Learning a few tips and tricks is a great way to solve any mathematical problems easily. Let us take a look at some tips and tricks for binary numbers up to 364.

Memorize to speed up conversions: We can memorize the binary forms for numbers like 1 to 16, as they are commonly used.

Recognize the patterns: There is a peculiar pattern when converting numbers from decimal to binary. 1 → 1 1 + 1 = 2 → 10 2 + 2 = 4 → 100 4 + 4 = 8 → 1000 8 + 8 = 16 → 10000 16 + 16 = 32 → 100000…and so on. This is also called the double and add rule.

Even and odd rule: Whenever a number is even, its binary form will end in 0. For example, 364 is even and its binary form is 101101100. Here, the binary of 364 ends in 0. If the number is odd, then its binary equivalent will end in 1.

Cross-verify the answers: Once the conversion is done, we can cross-verify the answers by converting the number back to the decimal form. This will eliminate any unforeseen errors in conversion.

Practice by using tables: Writing the decimal numbers and their binary equivalents on a table will help us remember the conversions.

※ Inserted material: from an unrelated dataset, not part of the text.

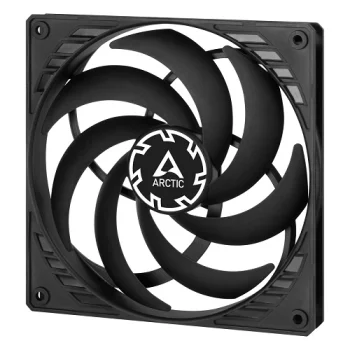 Arctic Gmbh P14 Slim PWM PST Case Fan, 140mm, Black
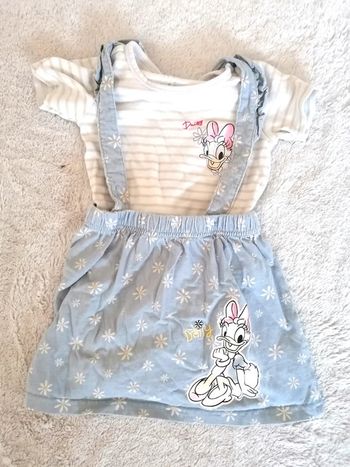Joli ensemble 2 pièces body +jupe daisy 12 mois fille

• Decimal: It is the base 10 number system which uses digits from 0 to 9.

• Binary: This number system uses only 0 and 1. It is also called the base 2 number system.

• Place value: Every digit has a value based on its position in a given number. For example, in 364 (base 10), 3 has occupied the hundreds place, 6 is in the tens place, and 4 is in the ones place.

• Octal: It is the number system with a base of 8. It uses digits from 0 to 7.

• Power of 2: Refers to numbers that can be expressed as 2 raised to an integer power, such as 2⁰, 2¹, 2², etc.